Mary Tudor  and Charles Brandon, Viscount Lisle and future Duke of Suffolk, wed for a third and final time on 13 May 1515. The Tudor princess seems to have loved Brandon since she was a girl, and she was as determined as the rest of her siblings to marry for love. Since she was as headstrong and brave as any other member of her bloodline, she made it happen.

Like her sister Margaret, her first marriage was at the behest of her family, the human marker of a political alliance. She dutifully sallied forth across the English Channel in October of 1514 and married the 52 year old King of France, Louis XII, when she was only 18 in order to seal a peace treaty with her nubile young body. Nevertheless, she warned Henry up front that the next time she married it would be to a man she wanted … not one HE wanted.

The French king, considered to be elderly by the standards of his time, found Mary to be his Dream Teen Queen. Alas for Louis, he only got to enjoy his connubial felicity for a few weeks. In mid-December he began to experience a crippling case of gout, and he passed away on 1 January 1515. Rumour had it that he killed himself by his excessive frolics with his gorgeous young bride, but he died from stuffing himself at the table, not stuffing Mary in bed.

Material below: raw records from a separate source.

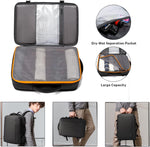 Expandable Travel Backpack - Laptop Sleeve & Duffle Carry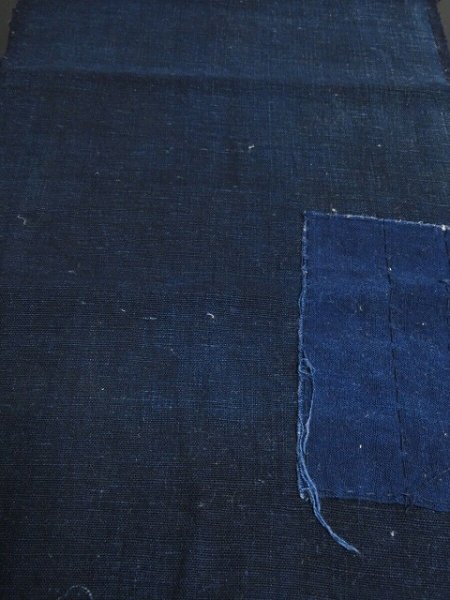 Photo3: 3D31z160 Japanese Kimono Cotton Boro Ranru Patch Indigo   71.7" (3)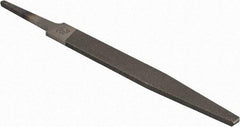 PFERD - 4" Long, Smooth Cut, Flat American-Pattern File - Single, Double Cut, 0.09" Overall Thickness, Tang - Top Tool & Supply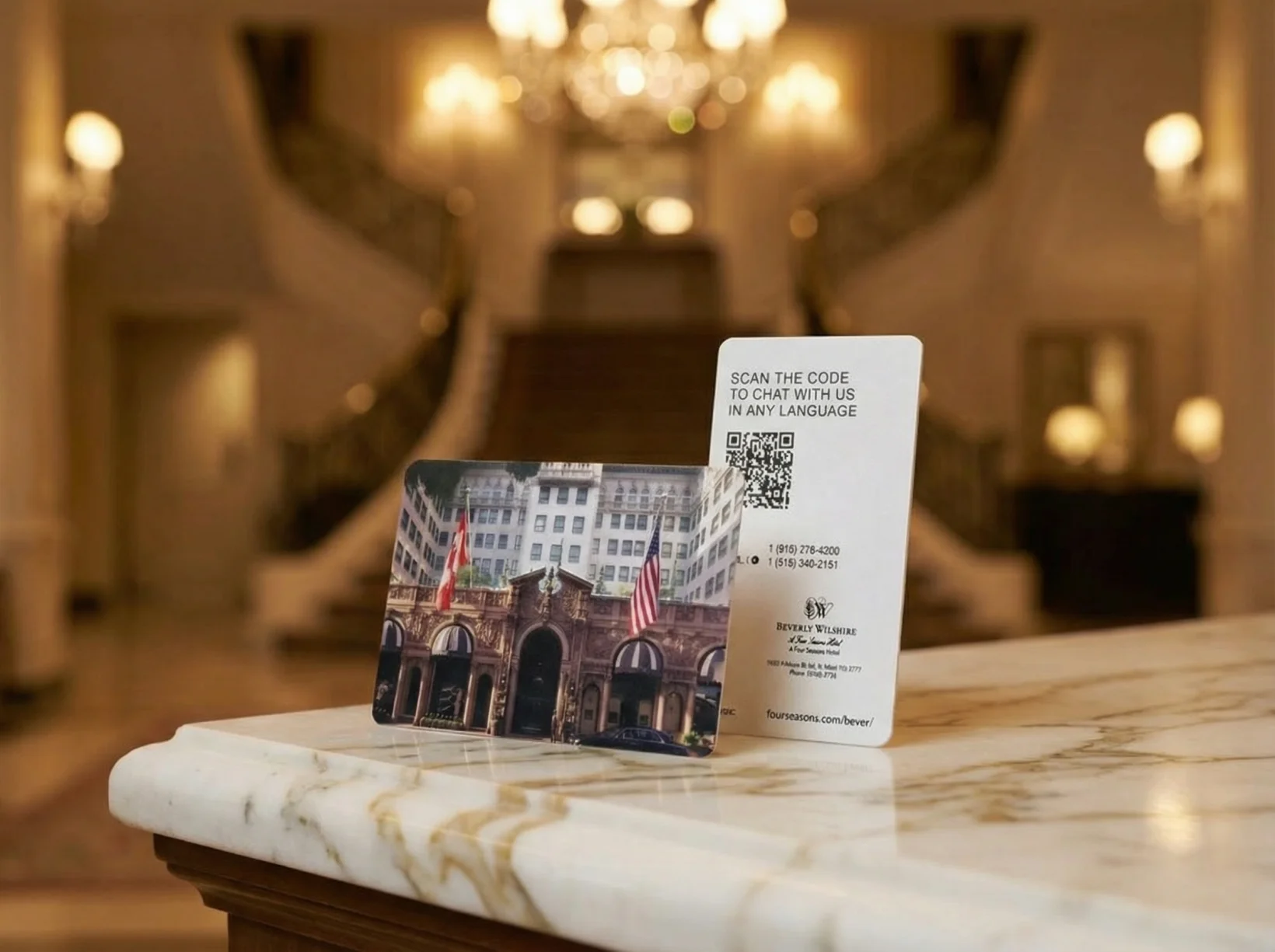 Beverly Wilshire Four Seasons PPH Bio Key Card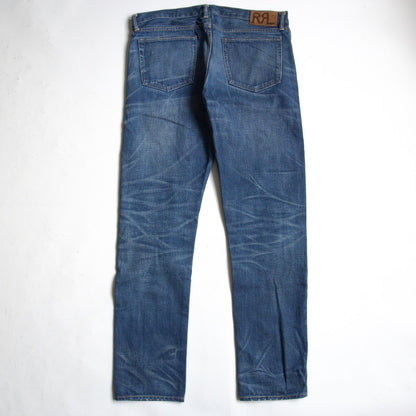 RRL x GRANDFALL WASH SLIM NARROW JEANS Denim Pants Size 36×32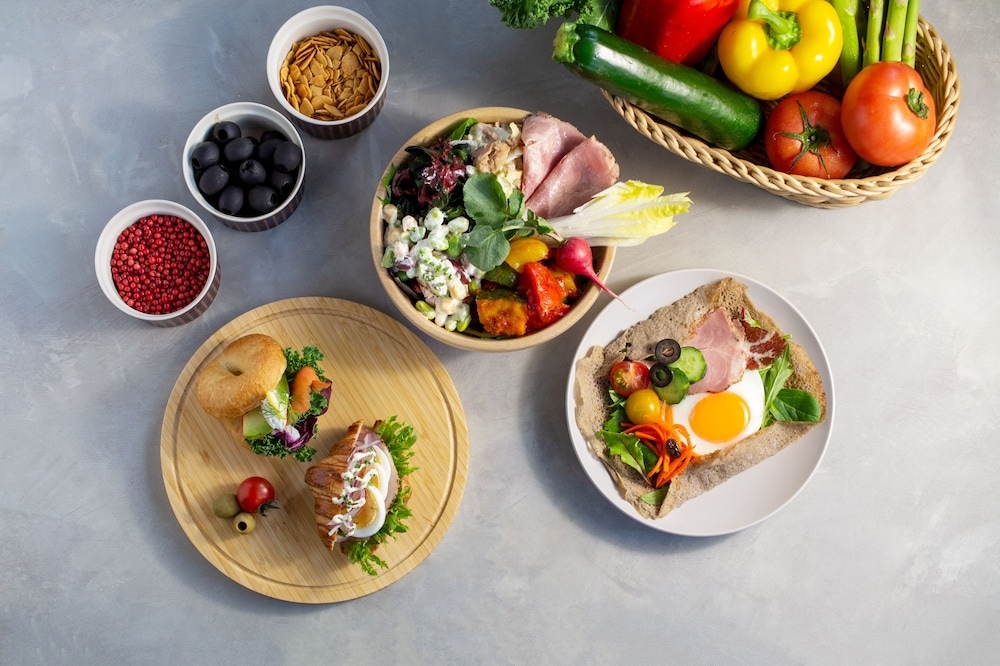 뷔페 아침 식사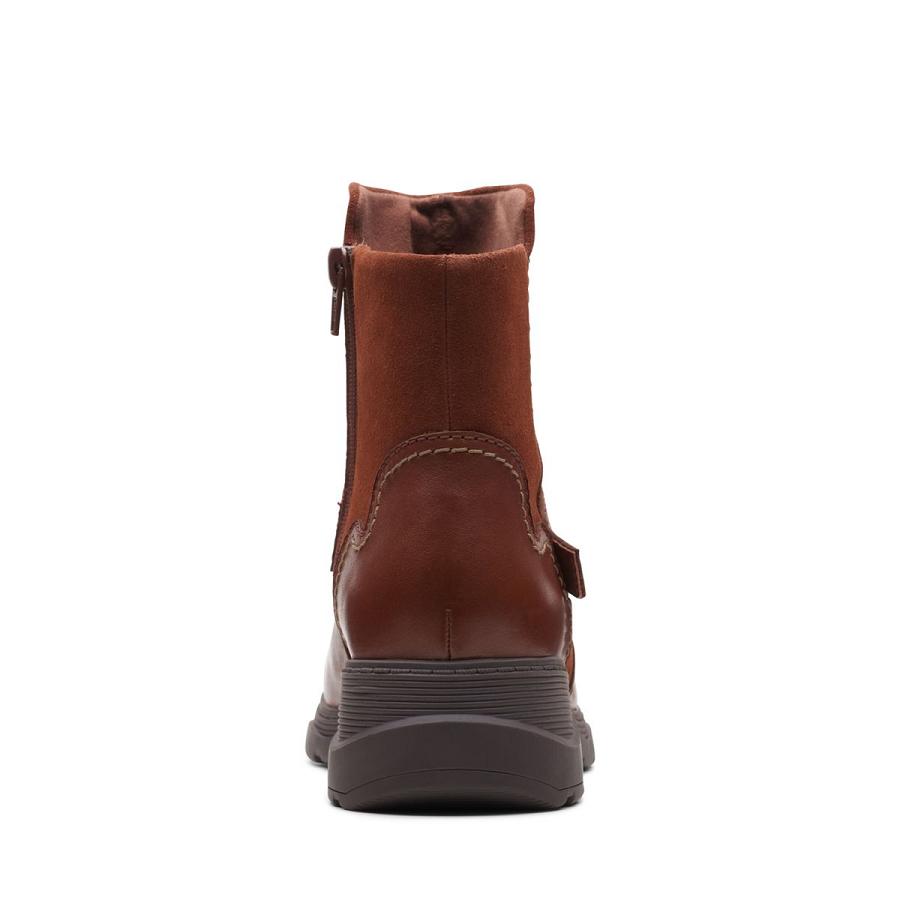 Dark Brown Clarks Aveleigh Lea Women's Boots | SG_MR163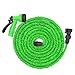 Jundy 25ft Garden Hose, Expandable Water Hose, Flexible Expanding Pressure Water Hose with 7 Functional Spray Nozzles, Double Layer Latex Core, Extra Strength Fabric,for Your Watering Needs(Green)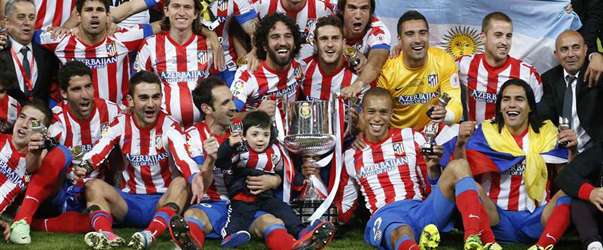 El Atlético celebra la victoria. Foto: 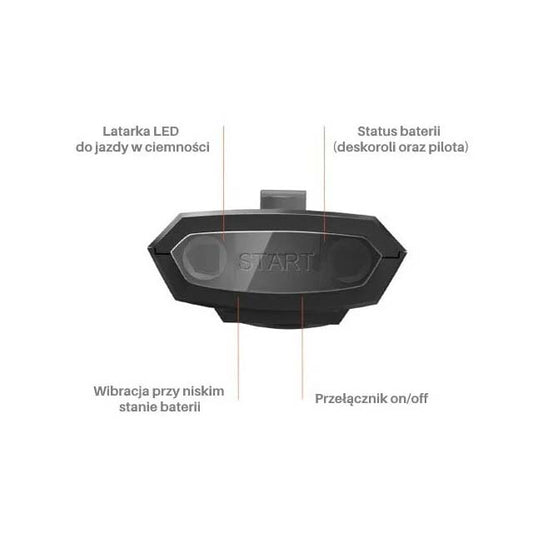 E-GO2 Electric Skateboard with Remote Control – High-Speed, Long-Range Off-Road Cruiser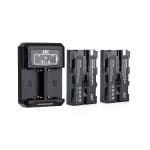 کیت شارژر USB به همراه دو عدد باتری دوربین سونی جی جی سی مدل DB-NPF7K2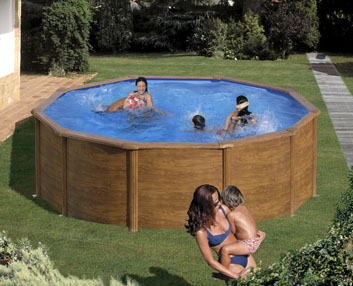 Piscinas desmontables en acero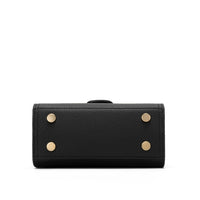 Chloe Genuine Leather Handbag (Black)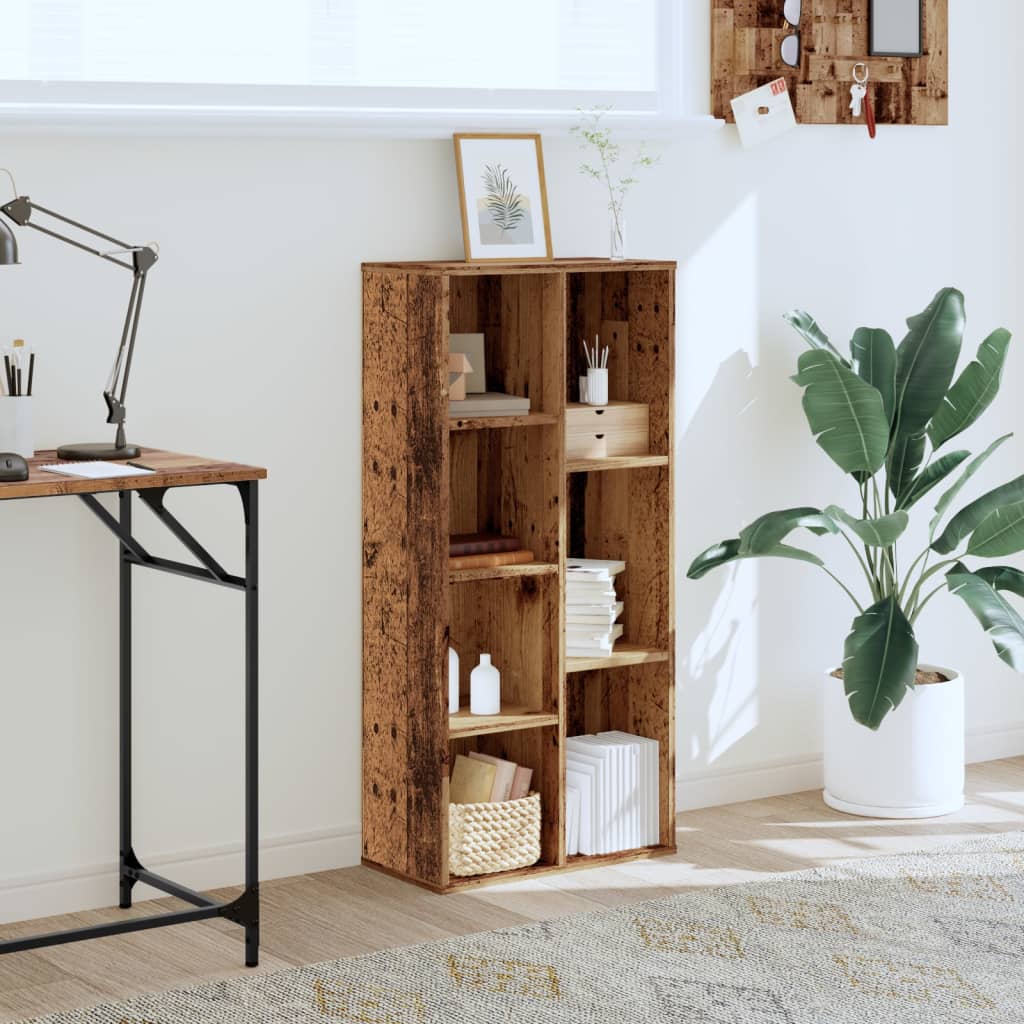vidaXL Bibliotecă, lemn vechi, 50x25x105 cm, lemn prelucrat vidaXL Bibliotecă, lemn vechi, 50x25x105 cm, lemn prelucrat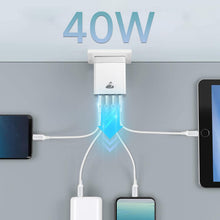 Charger l'image dans la galerie, Chargeur USB, 40W Prise USB Multiple 4 Ports Bloc Chargeur Rapide Samsung QC3.0 Chargeur Secteur USB Adaptateur pour iPhone 16 15 14 13 12 8 XR Samsung S24 Ultra S23 S22 S21 iPad Xiaomi Huawei Google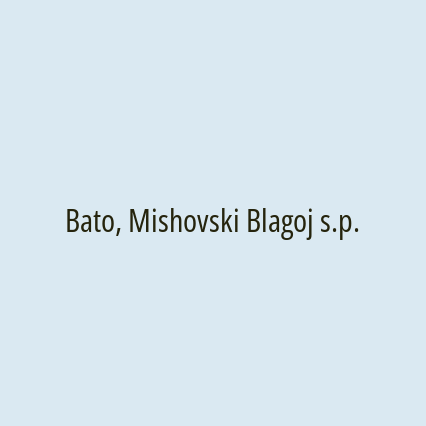 Bato, Mishovski Blagoj s.p. - Logotip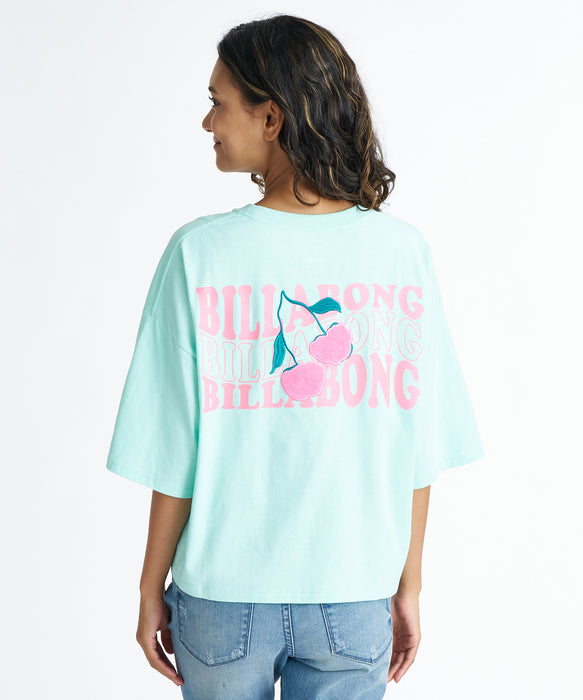 BILLABONG ウィメンズ CHERRY WIDE LOOSE CROPPED TEE Tシャツ 【2026年夏モデル】 JAD / M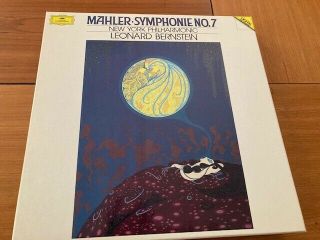 Rare 1986 Mahler/ Berstein Symphony N° 7 Dgg Digital 2 Lp Box 419 211 1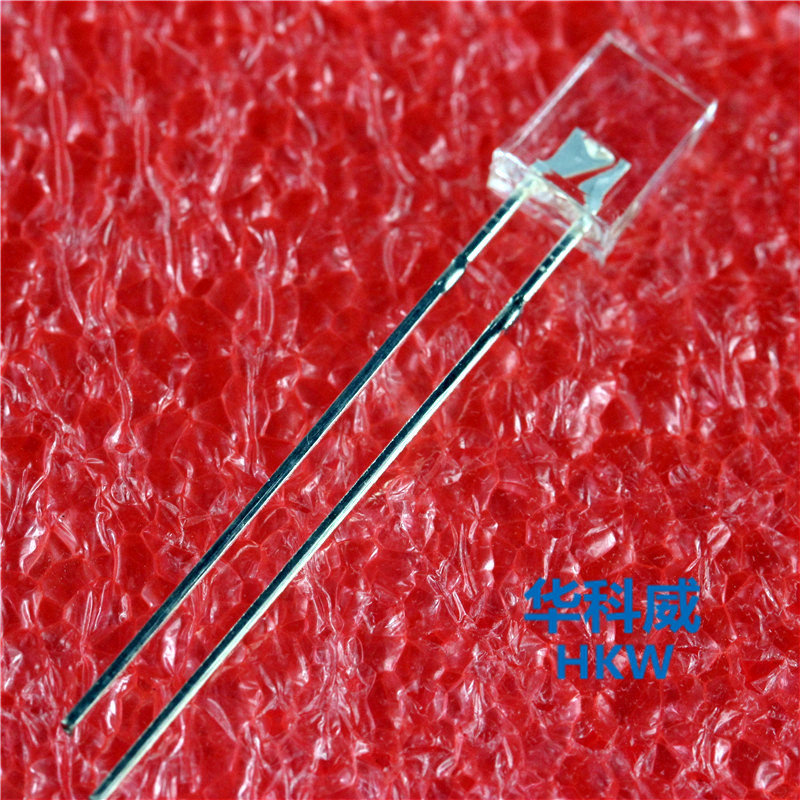 Rectangular white hair green light (cu-green) LED light 2 * 5 * 7 LED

Mary was now a widow, and being carefully watched by the king-to-be, Francis I, to see if she would produce a son to replace him. When it became apparent that Mary was not gravid, Francis took the throne and Henry sent Charles Brandon to go get the young widow and bring her home. This was sending the fox to guard the hen-house, but Henry thought it was safe because he made Charles swear not to propose. Henry had just made Brandon the Duke of Suffolk — and therefore a potential match for a queen — but Brandon wouldn’t dare risk his neck by marrying Mary against his old friend’s wishes would he?  Henry assumed Suffolk would be too deterred by the idea of being hanged, drawn, and quartered for him to risk meeting Mary at the altar. Additionally, Brandon was already pre-contracted to wed his 10 year old ward, Elizabeth Grey, Viscountess Lisle. Henry no doubt felt safe sending Suffolk to get the widowed queen.

Henry must have forgotten that his own grandfather was the result of a queen marrying a squire. It also didn’t occur to the king that Mary had plenty of fortitude and was willing to drag Charles to the altar, proposal or not. Her warnings she would choose her own husband had not been heeded.

When Suffolk got to France he found Mary determined to make him her husband. He would later tell Henry that she twisted his arm to get him up the aisle, but I suspect there wasn’t that much of a struggle. To prevent anyone from tearing asunder what God had joined together, Mary and Charles Brandon were married — first in a small, secret ceremony at the beginning of February, then more publicly  on 31 March 1515 — and promptly consummated the union to make it binding.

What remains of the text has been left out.